Bayer purchase of Monsanto faces scrutiny
Changing political landscape could pose challenge
As the global agricultural sector races to consolidate, Bayer AG’s $66 billion all-cash deal to acquire Monsanto will test growing political and consumer unease in the United States and abroad over the future of food production.
Bayer’s pesticide-focused agricultural business has few overlaps with Monsanto’s dominant seed franchise, according to the companies’ executives.
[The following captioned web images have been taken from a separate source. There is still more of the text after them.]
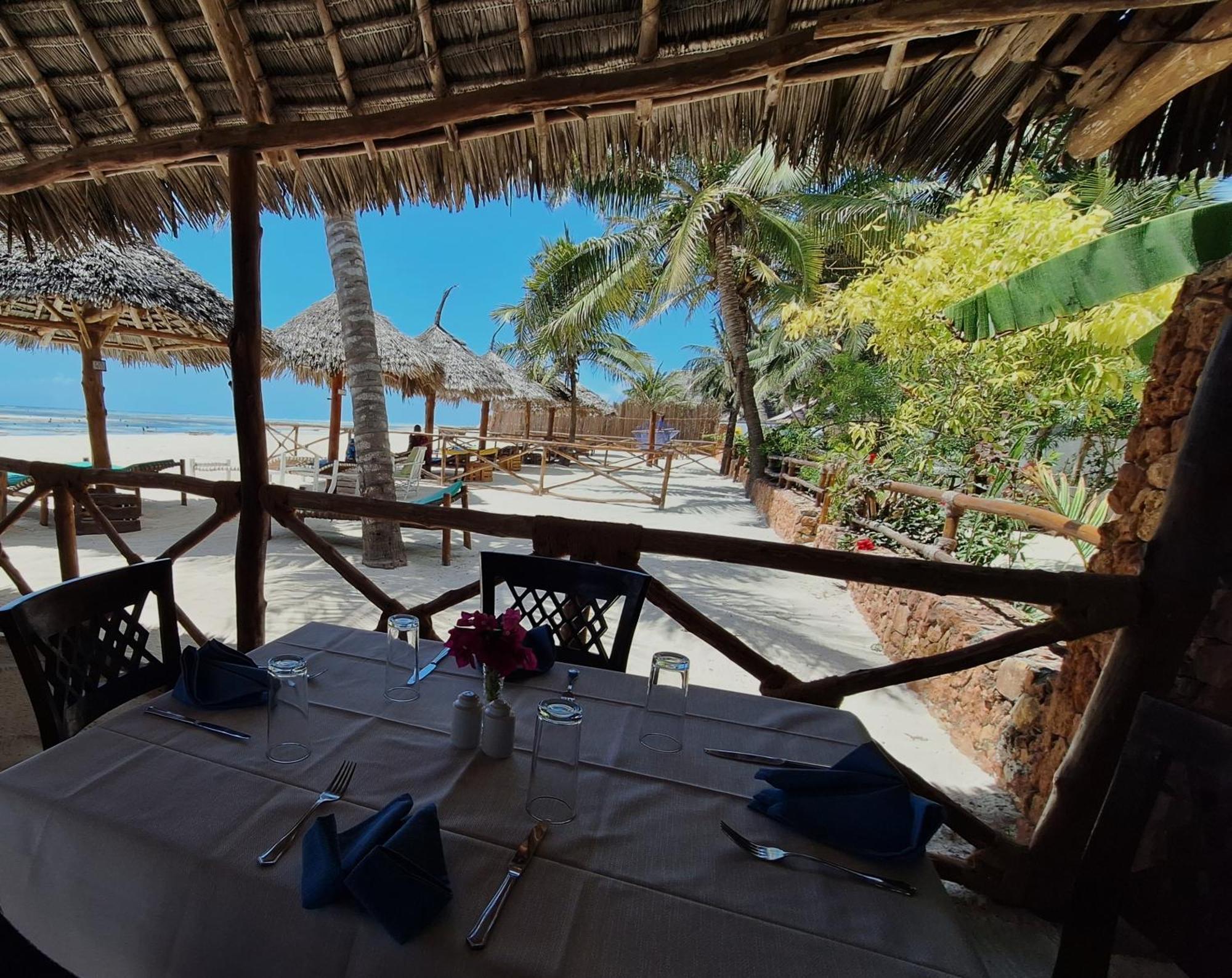 Bianco Azzurro Hotel & Restaurant Pwani Mchangani Kültér fotó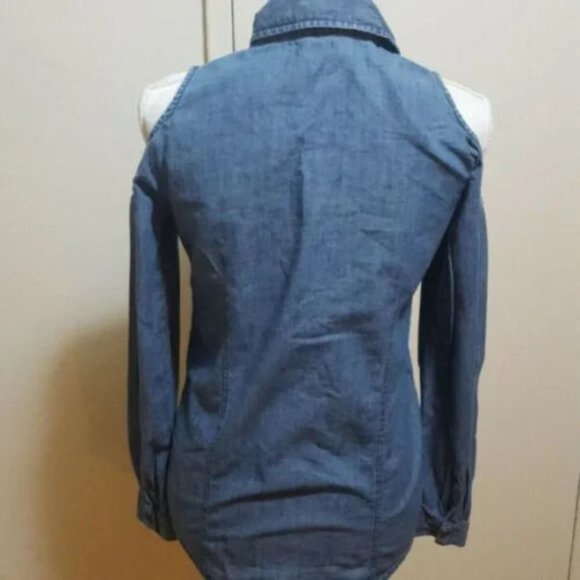 Charlotte Russe blue shirt size small - Picture 6 of 8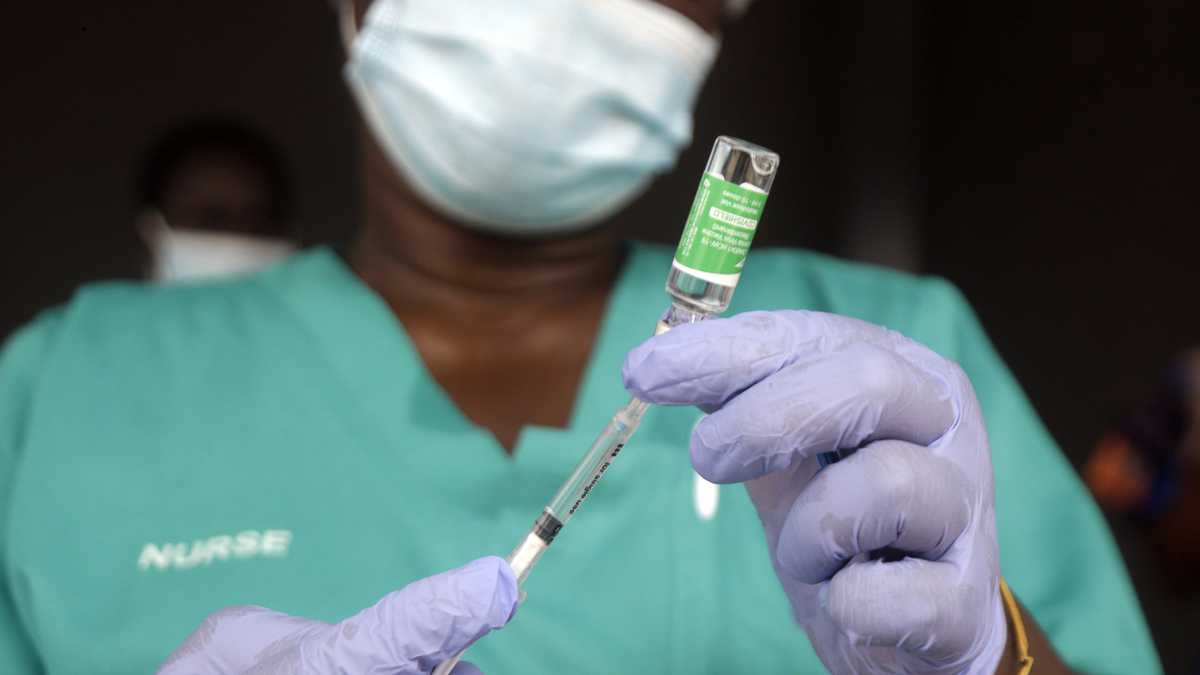 Una enfermera prepara una de las vacunas contra el COVID-19 en Nigeria, con el fármaco de AstraZeneca producido por el Serum Institute of India y distribuido a través de la iniciativa global COVAX, en el hospital Yaba Mainland de Lagos, Nigeria. (AP Foto/Sunday Alamba, archivo)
Still, marrying two of the world’s top farm suppliers, at a time when rivals also are merging, is fueling concern over fewer players competing in the $100 billion global market.
Monsanto and Bayer “have chosen to do a deal in the year of merging dangerously,” said David Balto, a former policy director at the U.S. Federal Trade Commission. “They are in for a tough time.”
Senate Judiciary Committee Chairman Chuck Grassley, R-Iowa, has called a hearing next Tuesday to scrutinize the wave of consolidation. Grassley, in a news release Wednesday, said Iowa farmers are worried that seed and chemical costs are rising while a global glut of grain has pushed prices close to their lowest levels in years. Farm incomes have plunged.
Monsanto agreed to sell itself to Bayer for $128 per share in cash, yet its shares were hovering around $107 on Wednesday, reflecting the significant regulatory uncertainty surrounding the deal in the minds of investors. Bayer has agreed to pay Monsanto a $2 billion breakup fee if regulators thwart the deal.
The German company aims to create a one-stop shop for seeds, crop chemicals and computer-aided services to farmers.
That was also the idea behind Monsanto’s swoop on Syngenta AG last year. The Swiss company fended off that offer only to agree later to a takeover by China’s state-owned ChemChina.
U.S. chemicals giants Dow Chemical Co and DuPont plan to merge and later spin off their respective seeds and crop chemicals operations into a major agribusiness.
If all of the deals close, three companies would control nearly 70 percent of the world’s pesticide market and 80 percent of the U.S. corn-seed market.
Wednesday’s announced tie-up between Monsanto and Bayer, the largest-ever all-cash acquisition, will inevitably face an intense and lengthy regulatory process in the United States, the European Union and elsewhere, regulatory experts said.
“This merger is not a slam dunk,” said Diana Moss, president of the American Antitrust Institute.
Hugh Grant, Monsanto’s chief executive, told reporters on Wednesday the companies will need to file in about 30 jurisdictions for the merger.